Exercise data
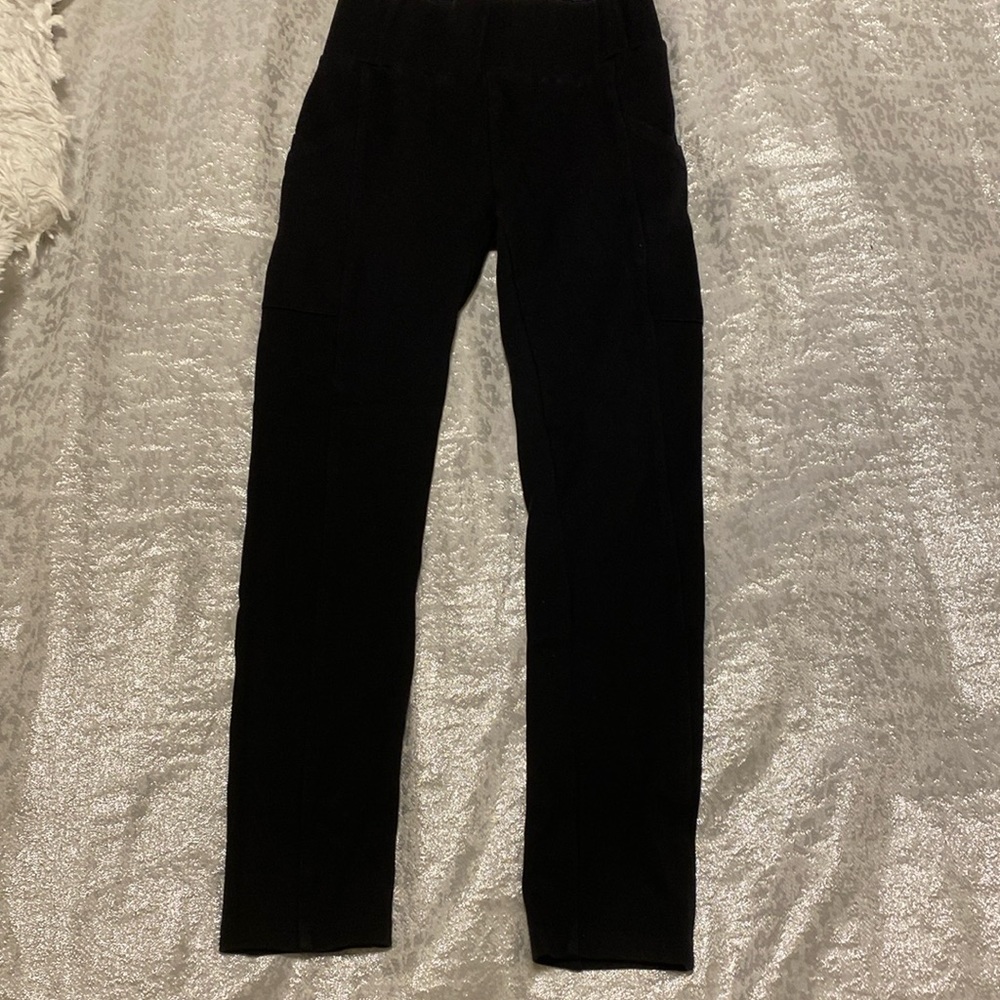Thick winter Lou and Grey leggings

---

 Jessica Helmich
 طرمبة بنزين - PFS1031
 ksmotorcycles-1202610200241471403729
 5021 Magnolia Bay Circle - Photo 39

...

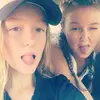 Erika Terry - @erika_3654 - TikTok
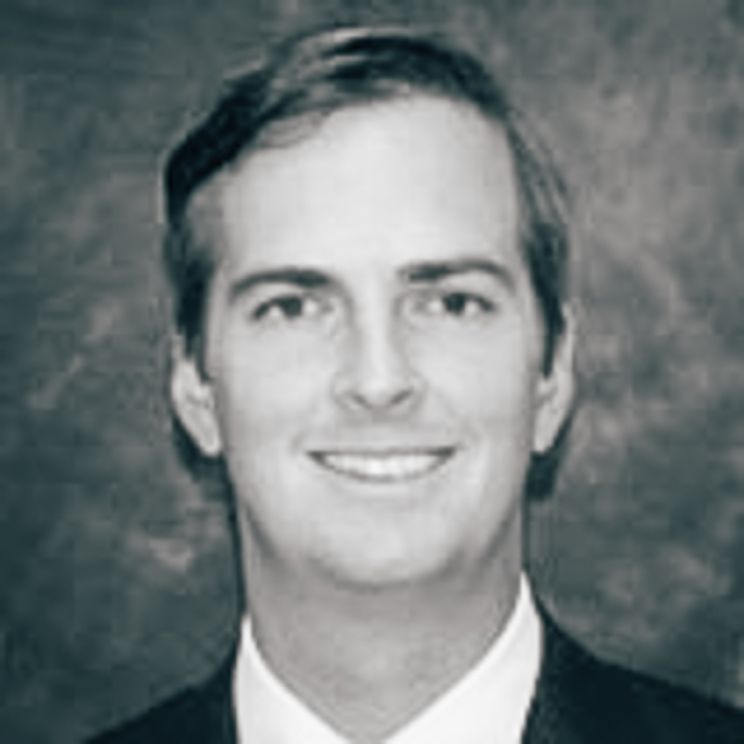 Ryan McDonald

Work instructions
Look back at the data above. Transcribe exactly the lines starting at the line that contains "طرمبة بنزين - PFS1031" and ending at the line that contains "5021 Magnolia Bay Circle - Photo 39".

Output of the exercise
 طرمبة بنزين - PFS1031
 ksmotorcycles-1202610200241471403729
 5021 Magnolia Bay Circle - Photo 39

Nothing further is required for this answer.